## Requirement:
Among the entries below, only the lines from the one with "JN1BJ1CR9KW314139 фото 9" through the one with "Herverkoop - Villa" are to be retyped, exactly and without pictures.

## Records:
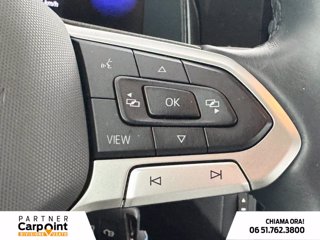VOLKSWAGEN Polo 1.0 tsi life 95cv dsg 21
--
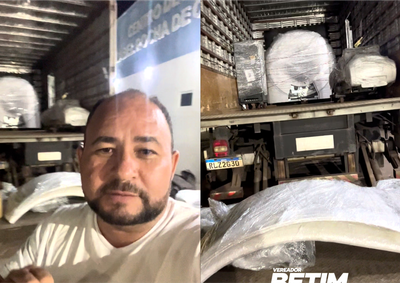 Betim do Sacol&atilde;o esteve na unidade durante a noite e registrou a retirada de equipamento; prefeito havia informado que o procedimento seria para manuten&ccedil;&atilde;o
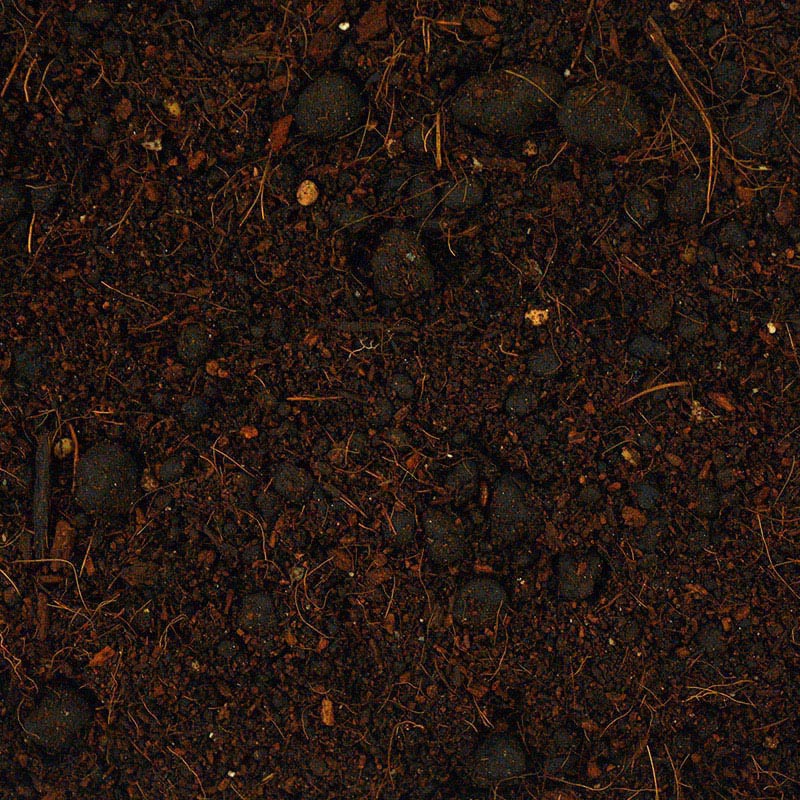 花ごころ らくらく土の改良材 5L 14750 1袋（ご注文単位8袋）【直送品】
---
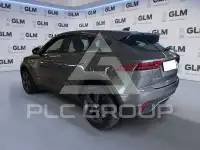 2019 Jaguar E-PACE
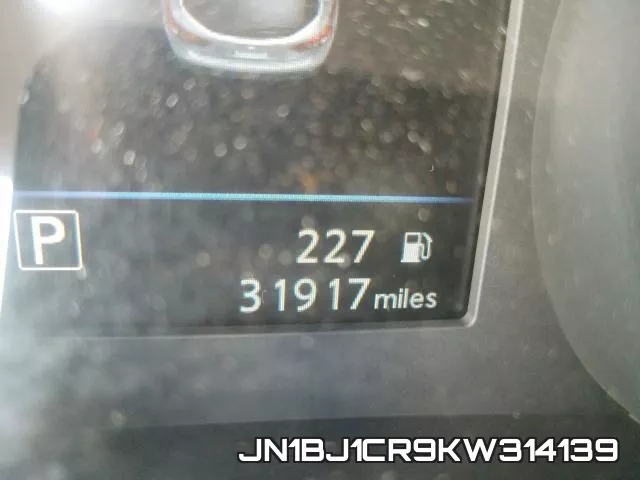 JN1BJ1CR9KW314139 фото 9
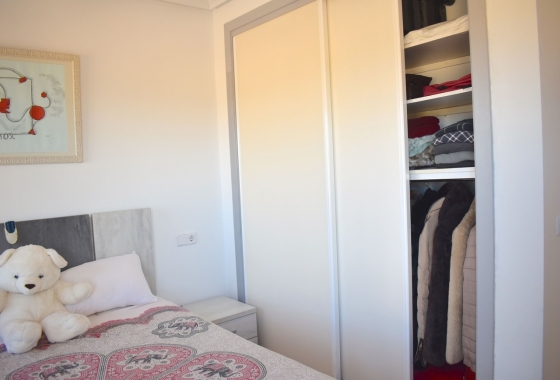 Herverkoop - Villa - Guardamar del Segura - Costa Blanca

## Result of the exercise:
 JN1BJ1CR9KW314139 фото 9
 Herverkoop - Villa - Guardamar del Segura - Costa Blanca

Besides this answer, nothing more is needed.